Die Adventszeit lebt von Traditionen und so gibt es auch viele klassische Weihnachtsgeschichten. "13 wilde Weihnachtskerle" hingegen ist modern, witzig und frech, so dass die Kinder ganz bestimmt begeistert sein werden. 

Auf den Vorsatzpapieren findet sich zu jedem Weihnachtskerl ein kurzer Steckbrief. Jeder hat nämlich seine Eigenart. Pottpitt hat immer Hunger, Blanco liebt alles, was weiss ist, Langfinger lässt gerne mal etwas mitgehen, Lametta liebt alles, was glitzert und funkelt .... Die Charaktere sind sehr süss gezeichnet, so dass man sie ganz schnell ins Herz schliess. Doch man kann sich gut vorstellen, dass die Weihnachtskerle jede Menge Unfug anstellen.

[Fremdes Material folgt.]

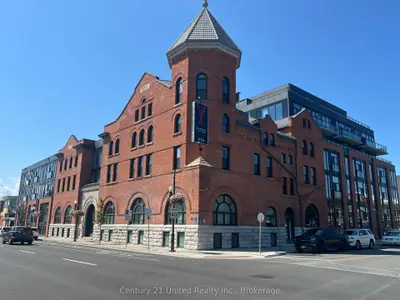 475 George Street N 122, Peterborough, On K9h 0j4
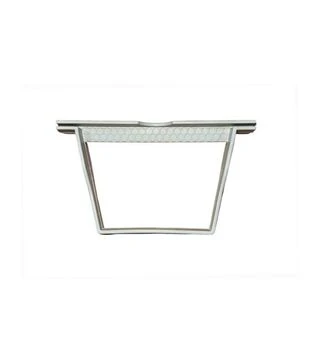 Рамка для міні нуклеуса, пластик (508-A)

So entsteht eine turbulente und äusserst unterhaltsame Suche nach dem Weihnachtsbaum

Das Vorlesen und Zuhören hat uns grossen Spass gemacht. Es passiert so viel, dass wir am liebsten immer weiter gelesen hätten. 
Zudem wird die Geschichte von tollen und sehr passenden Bildern von Susanne Göhlich untermalt. Meine Kinder mussten diese immer sofort sehen.

Fazit:


"13 wilde Weihnachtskerle" ist eine moderne, freche und turbulente Weihnachtsgeschichte, die uns alle köstlich amüsiert hat. Entweder kann man jeden Tag im Advent ein Kapitel lesen oder aber die ganze Geschichte auf einmal verschlingen.
Meiner Meinung nach eignet sich das Buch von Barbara van den Speulhof perfekt zum Vorlesen im Advent.






Favolina (7) fand "13 Wilde Weihnachtskerle" einfach nur super. Sie liebt die Illustrationen und kannte schnell die einzelnen Weihnachtskerle. 






Junior (4) ist vom Alter her an der unteren Grenze für dieses Weihnachtsbuch. Doch auch er hat immer gespannt zugehört. Er fand es sehr lustig, wenn die Weihnachtskerle Unfug trieben, zum Beispiel wie mit den Würsten auf dem Weihnachtsmarkt.